Bewildered, Will wrote down the address and carefully replaced the original sheet in its envelope. Charles Newcomber had been dead less than a day. Was this note from his killer? What did the foppish little radiologist have to do with Roxbury? Will had a street map of Boston in the car but had only driven through a few blocks of the community while taking the kids on excursions to the Franklin Park Zoo. He had absolutely no idea of the layout of the streets. Was he insane just to bop on in there at night? Should he notify Jack Court about the note? And perhaps the most perplexing question of all: Did he even have $500 in his bank account?
CHAPTER 29
“What’d you say?”
The elderly black man, dapperly dressed in a sports coat, dress shirt, vest, tie, and plaid walking cap, had been ambling past a row of shops that were all se
cured with metal accordion gates. Now, in no apparent rush to get anyplace despite the inclement weather, he hunched down by the open window of the Jeep beneath his small black umbrella and squinted in at Will. It was already twenty minutes after eight. Dusk had come and gone, yielding to another in what seemed an unending string of raw, drizzly nights. The tangled, narrow streets of Roxbury, many dating to Colonial times, had completely overwhelmed Will’s tattered street guide—or at least his ability to read it.
“Dennis Street,” he said, in the exaggerated voice he had unfortunately developed over years of treating older patients in hospitals and nursing homes. “D-E-N-N-I-S. I’m looking for the corner of Spruce and Dennis. That’s Spruce right over there”—he pointed to the cross street behind him—“but I can’t find any Dennis off it or on my map.”
“Hey,” the man said, “no need to shout. Just because I been on this earth longer ’n most, don’t automatically mean I’m deaf.”
Will managed a grin at himself.
“Sorry, bad habit.”
“You sure these streets are in Roxbury?”
The man—maybe in his eighties—had a creaky, high-pitched voice that reminded Will of a child in a school play trying to portray an old man.
“That’s what the guy wrote. Roxbury. See, right here.”

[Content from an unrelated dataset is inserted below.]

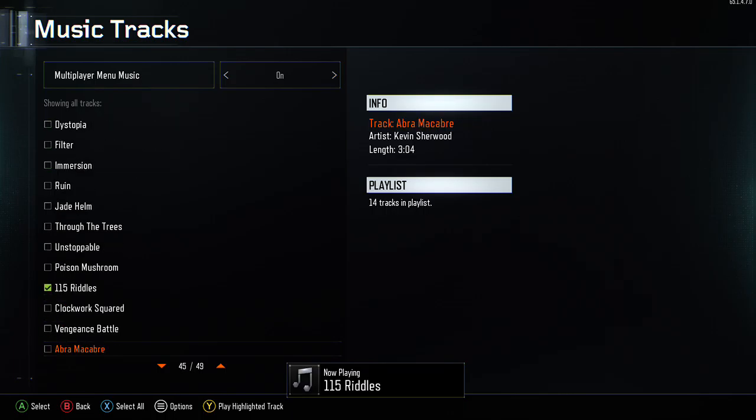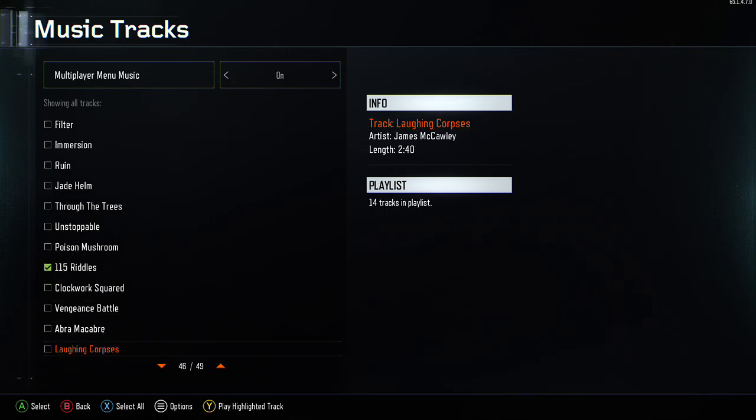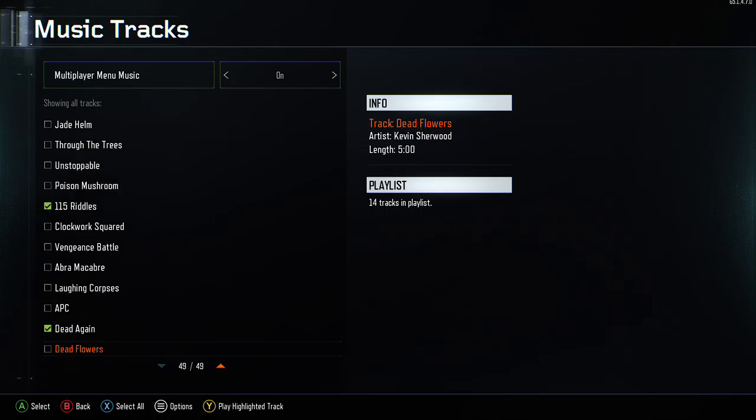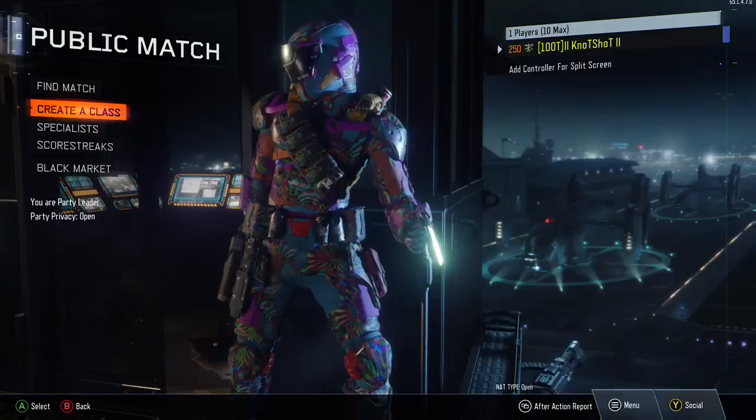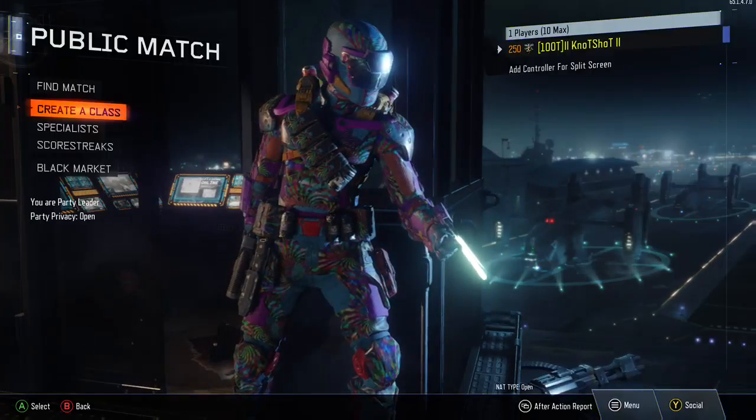We are going to go to the left corner, and the right corner is up to the left corner. There is a lot of different things in the left corner. You can see the right corner. I can see the left corner of the right corner. Thank you.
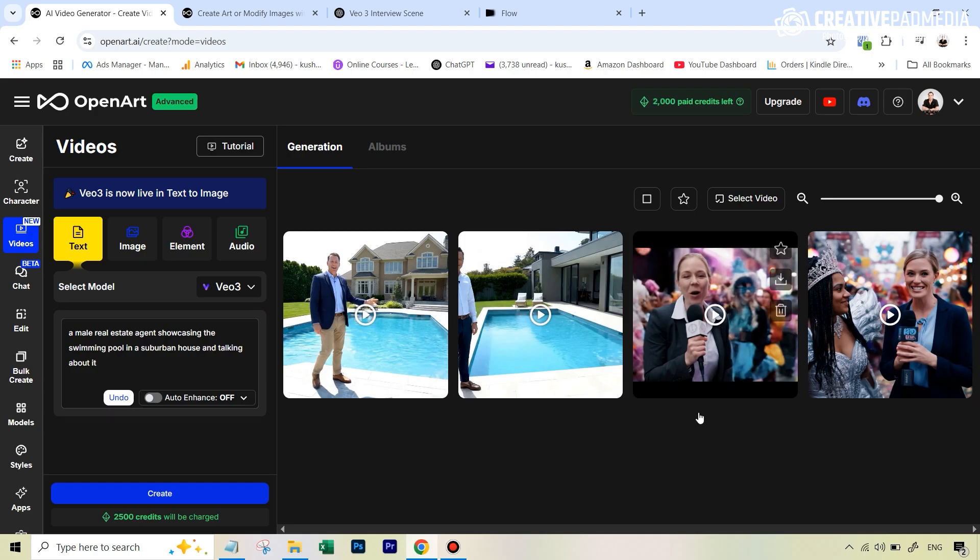So if you want to follow along all my experiments with VO3 and other image and video generators and editors out there, then make sure you subscribe. And in case this video helped you out, don't forget to give it a like and I will see you next time.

Careful to cover up the part about bringing $500, Will showed the man the note, and he studied it for a time.
“You know what?” he cackled suddenly. “I think I know why you been havin’ trouble. I don’t think Dennis is a street at all. I think it’s like an alley—Dennis Way, it’s called—two blocks, maybe three, down Spruce that way. If there’s a sign, and as I recall, there usually is one, it’s nailed to one of the buildings, not on a pole.”
“Thanks, you’re great.”
Will moved to put the Jeep in gear, but the man stopped him with a raised hand.